Exercise requirements
Among the entries that follow, the required portion opens with the line containing "606 Shirred Bodice Maxi Dress / Caramel" and closes with the line containing "Krzesło biurowe Songmics". Give that portion again exactly, and nothing else.

Dataset entries section start

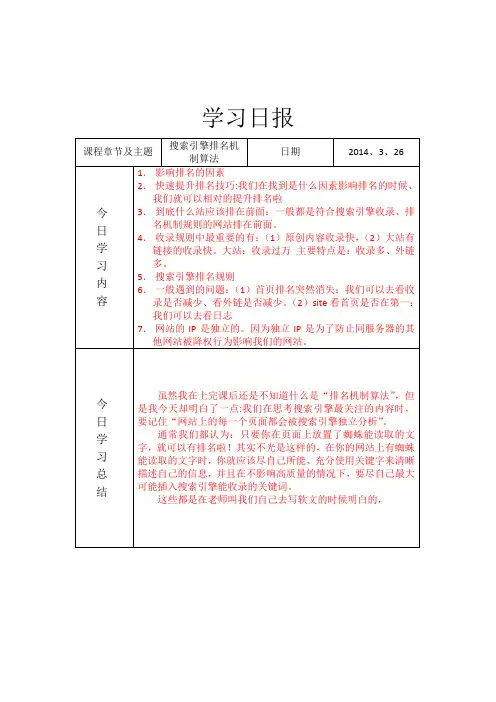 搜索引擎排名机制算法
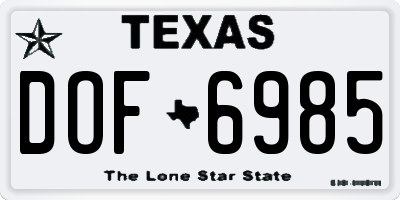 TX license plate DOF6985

Dataset entries section end
Dataset entries section start

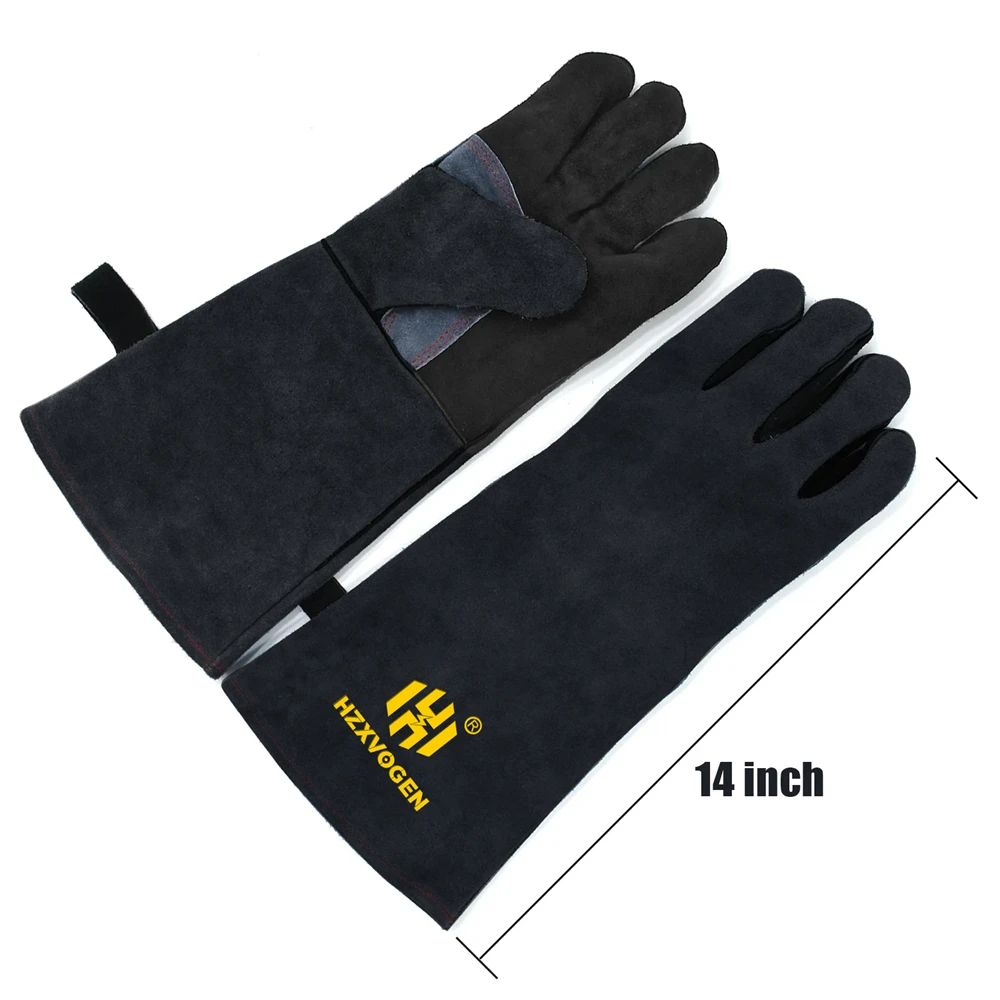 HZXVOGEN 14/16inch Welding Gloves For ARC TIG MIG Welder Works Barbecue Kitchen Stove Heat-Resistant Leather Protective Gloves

Dataset entries section end
Dataset entries section start

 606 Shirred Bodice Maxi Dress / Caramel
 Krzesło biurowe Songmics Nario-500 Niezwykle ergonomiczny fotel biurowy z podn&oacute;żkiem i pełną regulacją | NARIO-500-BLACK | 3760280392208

Dataset entries section end

Response to the task
 606 Shirred Bodice Maxi Dress / Caramel
 Krzesło biurowe Songmics Nario-500 Niezwykle ergonomiczny fotel biurowy z podn&oacute;żkiem i pełną regulacją | NARIO-500-BLACK | 3760280392208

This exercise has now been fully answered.